3. Design the UX and interaction flow

It is not enough that you ask the right questions in the correct order; your user experience must also be top-notch. That way, users are not discouraged from answering your questions and buying from you. So, employ professionals that will ensure that the general design and navigation is simple.

4. Test, analyse and promote

Once you have finished designing and incorporating your questions, you need to ensure you haven't forgotten any key detail. To do this effectively, you have to test, test, and test again. It is fine if you don't get the process 100% right the first time. It is an iterative and evolving process and you can always improve it. However, you need to be sure it's right before you go live.

You might consider using A/B testing. Over time you will get a better understanding of which process your visitors prefer. You can stick with the one that brings in the best results. Remember, customer behaviour changes over time so you need to remain vigilant to stay ahead of the game.

Products that get shared or promoted gets used and bought. So, do the same with your guided selling solution. Put the advisor in strategic locations on your website and even promote it on social media platforms like Facebook.

Four amazing guided selling examples

1. Android Which Phone

If you're interested in simplifying a complicated product range, Google's Android OS phone finder is an outstanding tool. All users have to do is select the features they want from a mobile phone from a range of specifications. Rather than selecting a phone by its technical capabilities, users narrow down the options by selecting what they expect to use the device for – for instance, camera or gaming capabilities.

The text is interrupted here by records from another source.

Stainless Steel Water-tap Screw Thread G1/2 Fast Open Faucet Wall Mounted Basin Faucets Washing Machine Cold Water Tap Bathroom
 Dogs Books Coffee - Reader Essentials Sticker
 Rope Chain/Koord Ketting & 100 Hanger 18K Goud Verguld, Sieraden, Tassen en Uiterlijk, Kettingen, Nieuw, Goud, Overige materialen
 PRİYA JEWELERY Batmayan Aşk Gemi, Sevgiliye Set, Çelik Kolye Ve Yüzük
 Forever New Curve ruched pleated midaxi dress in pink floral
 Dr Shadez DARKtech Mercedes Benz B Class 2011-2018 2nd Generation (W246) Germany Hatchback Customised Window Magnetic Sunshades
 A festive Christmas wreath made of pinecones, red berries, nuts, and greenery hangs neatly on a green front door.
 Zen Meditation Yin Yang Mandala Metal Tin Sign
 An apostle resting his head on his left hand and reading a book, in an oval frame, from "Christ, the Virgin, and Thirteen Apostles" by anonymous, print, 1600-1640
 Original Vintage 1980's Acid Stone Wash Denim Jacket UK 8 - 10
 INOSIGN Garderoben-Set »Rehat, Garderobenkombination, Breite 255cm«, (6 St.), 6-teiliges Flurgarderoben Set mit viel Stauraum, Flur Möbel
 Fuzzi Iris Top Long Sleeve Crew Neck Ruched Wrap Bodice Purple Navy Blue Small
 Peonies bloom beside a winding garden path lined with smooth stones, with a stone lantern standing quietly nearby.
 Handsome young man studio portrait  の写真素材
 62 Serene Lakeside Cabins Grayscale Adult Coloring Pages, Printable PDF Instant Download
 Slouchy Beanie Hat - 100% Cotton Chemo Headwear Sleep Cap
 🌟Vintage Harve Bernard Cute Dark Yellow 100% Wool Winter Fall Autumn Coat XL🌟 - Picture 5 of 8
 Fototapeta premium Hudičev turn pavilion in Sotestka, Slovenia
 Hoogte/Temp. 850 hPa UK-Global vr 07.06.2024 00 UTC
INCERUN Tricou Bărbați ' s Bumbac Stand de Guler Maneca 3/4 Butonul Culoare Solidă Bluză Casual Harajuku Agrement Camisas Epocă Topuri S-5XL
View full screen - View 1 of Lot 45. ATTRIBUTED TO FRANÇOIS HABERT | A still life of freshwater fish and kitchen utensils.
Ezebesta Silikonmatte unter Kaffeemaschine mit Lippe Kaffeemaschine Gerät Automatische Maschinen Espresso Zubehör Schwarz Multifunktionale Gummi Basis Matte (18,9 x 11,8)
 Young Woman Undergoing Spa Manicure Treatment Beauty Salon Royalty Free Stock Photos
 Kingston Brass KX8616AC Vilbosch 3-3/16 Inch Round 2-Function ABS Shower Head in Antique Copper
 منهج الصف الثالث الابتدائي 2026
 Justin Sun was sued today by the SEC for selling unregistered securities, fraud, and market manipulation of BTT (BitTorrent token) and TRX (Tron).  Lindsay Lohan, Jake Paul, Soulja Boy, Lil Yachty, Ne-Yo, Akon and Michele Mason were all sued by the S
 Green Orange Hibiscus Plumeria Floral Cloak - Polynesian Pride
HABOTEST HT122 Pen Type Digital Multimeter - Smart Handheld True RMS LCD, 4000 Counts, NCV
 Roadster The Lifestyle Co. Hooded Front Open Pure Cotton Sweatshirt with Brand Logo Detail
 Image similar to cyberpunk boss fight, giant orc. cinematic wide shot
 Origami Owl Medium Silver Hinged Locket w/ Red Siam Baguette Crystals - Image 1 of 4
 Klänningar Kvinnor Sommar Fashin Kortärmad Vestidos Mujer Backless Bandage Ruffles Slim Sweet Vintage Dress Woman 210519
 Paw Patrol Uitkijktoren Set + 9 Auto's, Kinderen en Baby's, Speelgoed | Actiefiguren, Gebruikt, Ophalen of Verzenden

Users are then left with a few phones that meet their requirements and can choose from the list. The process also helps users to learn about phones, key product features, and capabilities.

2. Sport Bra Guide – Victoria's Secret

Victoria's Secret's Sport Bra Guide is another amazing guided selling example. Like the Android Which Phone, it provides results based on users' suitability and preference. 

The first process here is "The Fit Quiz." It is a virtual bra fitter that aims to recommend the best bra based on users' dimensions. After then, users get to select their preferred additional product requirements, including bra colour, strap design, and so much more. In the end, users have a tailored range of products that perfectly match what they intended to buy, and they can shop instantly.

3. Beauty Insider – Sephora

Based on a simple understanding of customers' needs, Sephora's beauty insider delivers relevant product suggestions. To use the tool, users have to select from a range of characteristics, including hair colour, skincare and hair issues.

Beauty insider relies on beauty experts to help users choose the products that best suit their needs. Sephora also collects users' information and uses it for future reference. That way, it can turn visitors into paying customers.

4. Style Quiz – Topshop

Topshop's Style Quiz is another great guided selling tool. The tool uses preference data collected during quizzes to deliver a wardrobe for users. It presents items in a catalogue style to make products more shoppable and relevant to specific users.

Topshop also uses the tool to deliver relevant information through email marketing. It delivers personalized content to users' email boxes based on the user's personality.

In conclusion…

The relevance and importance of guided selling in today's market cannot be overemphasized. Not only are retailers and businesses using it to stay ahead of their competitors, but they are also using it to deliver easy shopping to visitors, to simplify the buying process and implement future marketing activity.

However, retailers should think carefully before implementing a solution. Make sure it only asks relevant questions and remember, while the aim is to make sales, the main aim of your tool should be to make the buying process as easy as possible for your customers.